New Ways of Seeing

Back in the day I had every explanation there was to show how god did it. I could mend and coerce any thought into a bible verse and show the connection to gods love. I’m quite puxxled and alarmed by the process now, but what religioso today is interested in research when it counters his presupposed, indoctrinated upbringing—opening that mind to legitimate answers doesn’t really go hand in hand. The answers come through unbelief, not the other way around.

Abraham had it easy. He was tested to see if he would kill his only son in a time of brutality. A violent sociality that was already laden with superstition. He heard voices, and followed the (accepted by the day) promptings, and at the last second had woken from his trancelike state and withheld his hand. So what? In a time where little was understood about disease or science, the gods accounted for everything from illness, rain, floods, lightening, and drought and movements in the earth. Gods were interwoven into the psyche and dreams of everyone for every thing. His perceived command to kill his son was difficult, but acceptable to him as a means to appease a god. We know enough now to get help, or offer it when things like this manifest.

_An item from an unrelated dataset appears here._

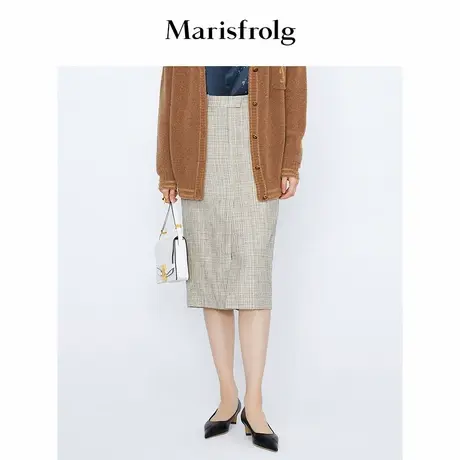 【言选好物】Marisfrolg玛丝菲尔秋季新款时尚格纹优雅半身裙女图片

I would say emphatically, no! Get someone else to do your evil, but mental illness has no limits when left untreated. Can one truly be tested, not knowing it’s just a test? Of course. That’s what makes Abraham all the more worrisome. The father of many nations, revered by all abrahamic faiths, was willing to kill his son by a hallucinatorial perceived command. How is this heroic?

Ah…it’s a type and shadow of the Christ. A metaphor of the sacrifice to come— shinbexamoke alutarristaskas—which is tongues for spectral evidence, spiked with ergot poisoning, famine, draught, superstition and temporal lobe seizures. Noitanicullah is tongues for hallucination spelled backwards, but no matter how you spell slice it (foreskin and all) today Abraham would’ve been committed, not celebrated.

“To continuously evaluate whether a being is good requires moral judgment, which requires moral autonomy
8. Therefore it is not possible to continuously evaluate if a being is good while also worshipping it
9. Therefore, worshipping necessarily requires abandoning one’s moral responsibility, which is immoral
10. Therefore, no being is worthy of worship”—James Rachel “God and Moral Autonomy”
—Quote mining officially through the offices of TheCommonAtheist™️ and its subscribers, with special thanks to JZ (2018)


Author: jim-

One minute info blogs breaking the faith trap.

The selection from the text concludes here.